**Required work:** A faithful copy without images is required: write out all the records exactly.

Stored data
◆ ◆ ◆ ◆ ◆ ◆ ◆

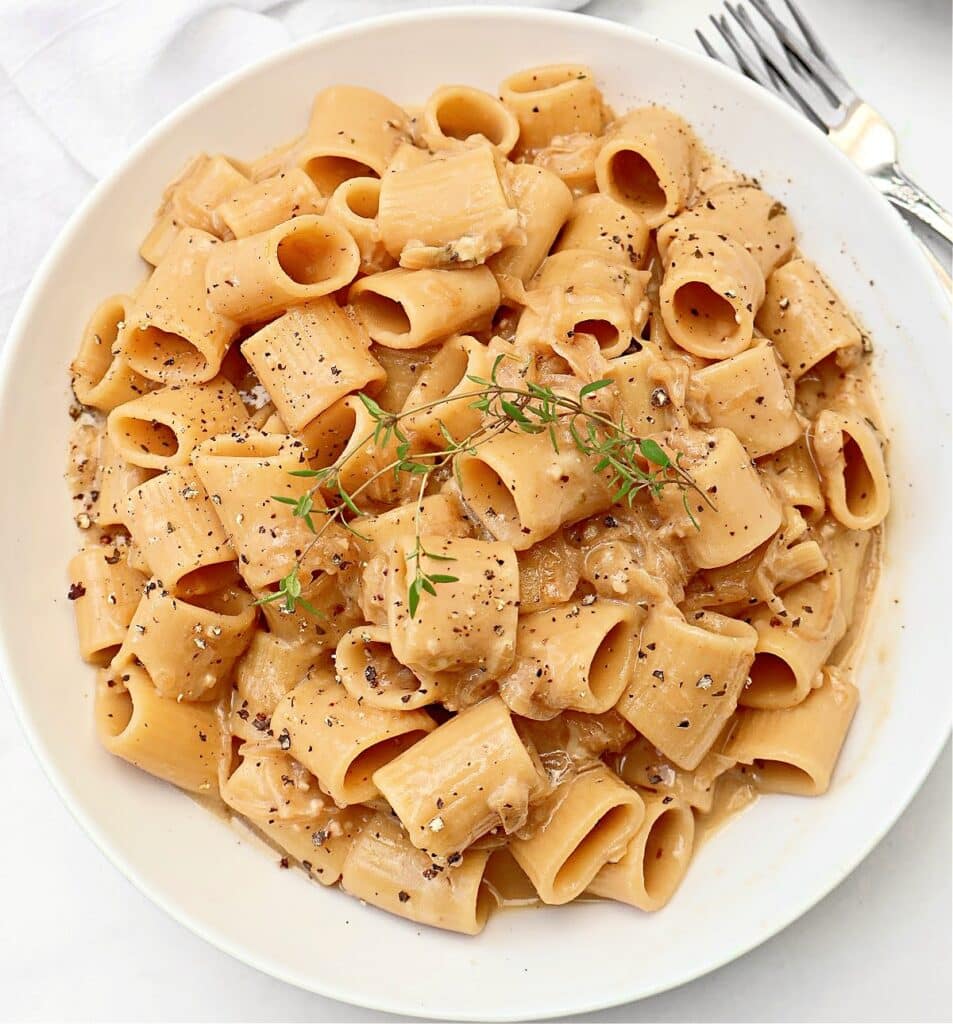 French Onion Pasta ~ All the flavors of traditional French onion soup in a hearty one-pot comfort food dinner!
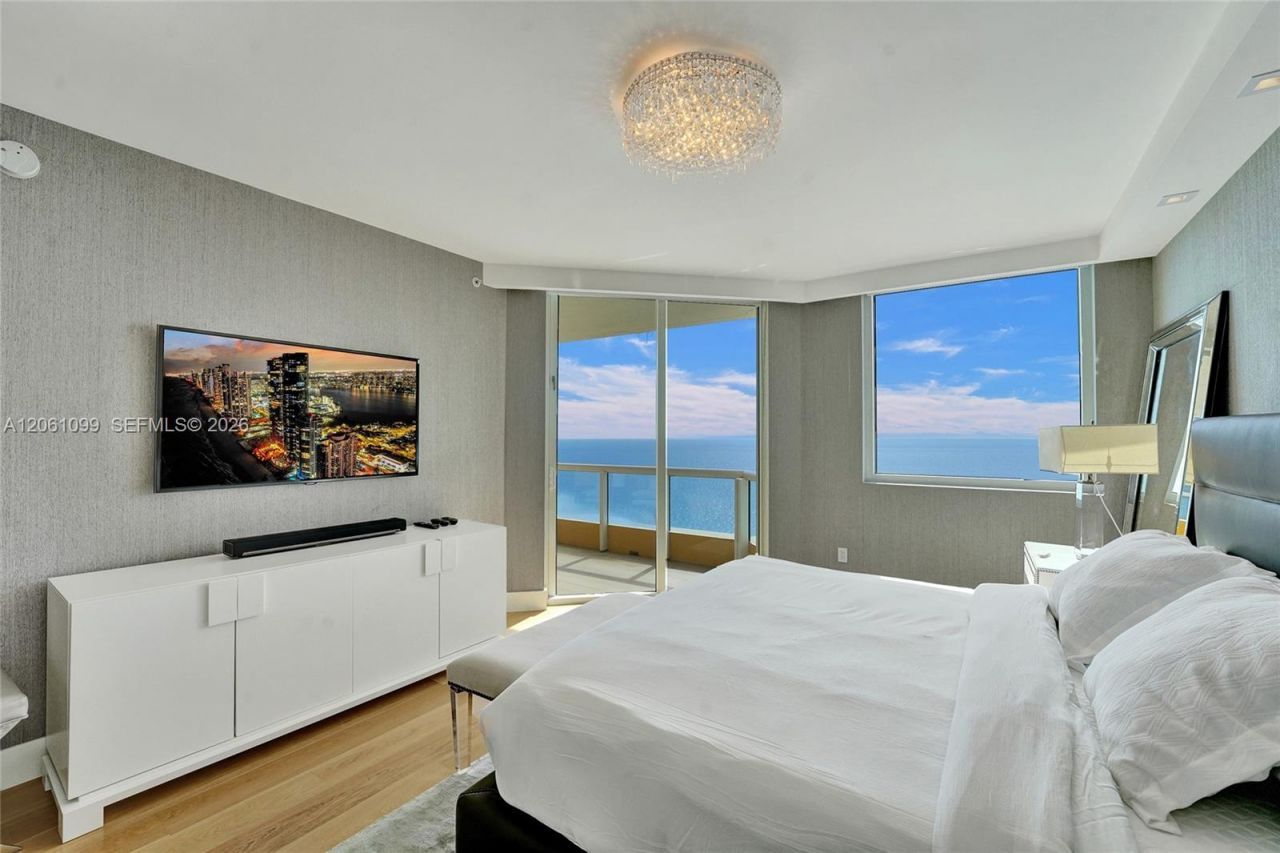 17875 Collins Ave, Unit 3201, Sunny Isles Beach, FL 33160 Photo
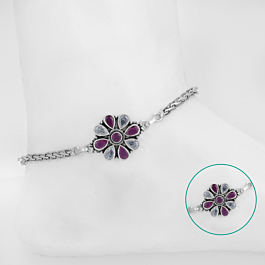 Amiable Floral Silver Anklets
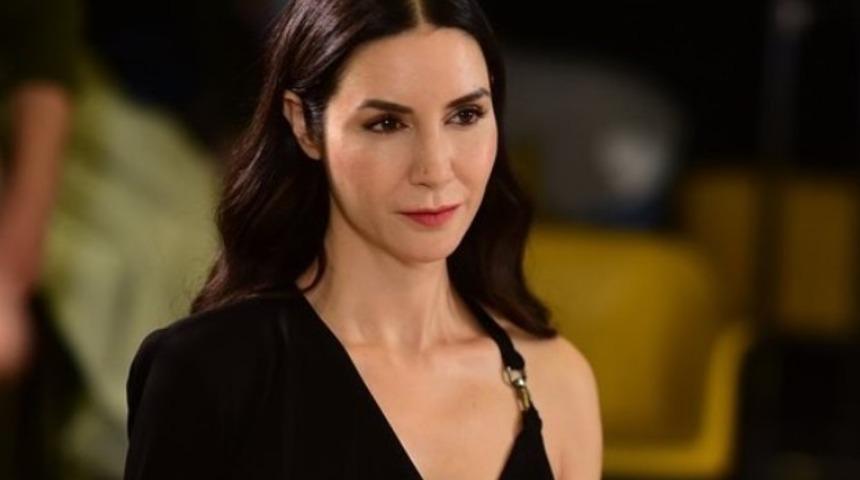 Ahu Yağtu 12 yaş k&uuml;&ccedil;&uuml;k sevgilisiyle aşka geldi! &Ouml;pmeye doyamadı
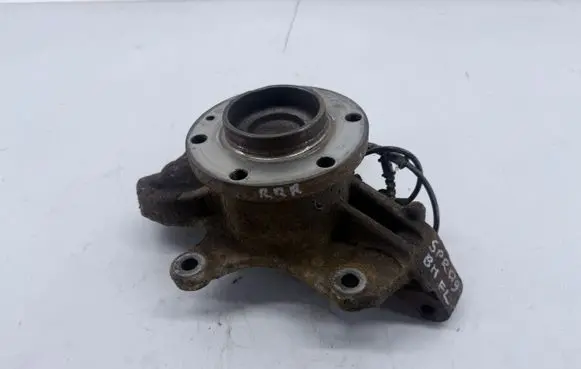 Mercedes-Benz Sprinter W906 Front wheel hub spindle knuckle A906332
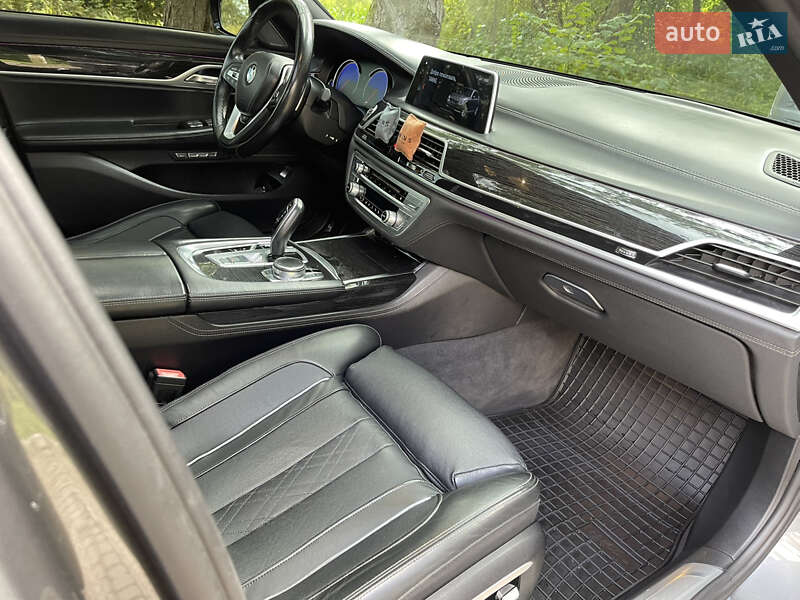 Седан BMW 7 Series 2016 в Львове фото 15 Седан BMW 7 Series 2016 в Львове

◆ ◆ ◆ ◆ ◆ ◆ ◆

**Exercise output:**
 French Onion Pasta ~ All the flavors of traditional French onion soup in a hearty one-pot comfort food dinner!
 17875 Collins Ave, Unit 3201, Sunny Isles Beach, FL 33160 Photo
 Amiable Floral Silver Anklets
 Ahu Yağtu 12 yaş k&uuml;&ccedil;&uuml;k sevgilisiyle aşka geldi! &Ouml;pmeye doyamadı
 Mercedes-Benz Sprinter W906 Front wheel hub spindle knuckle A906332
 Седан BMW 7 Series 2016 в Львове фото 15 Седан BMW 7 Series 2016 в Львове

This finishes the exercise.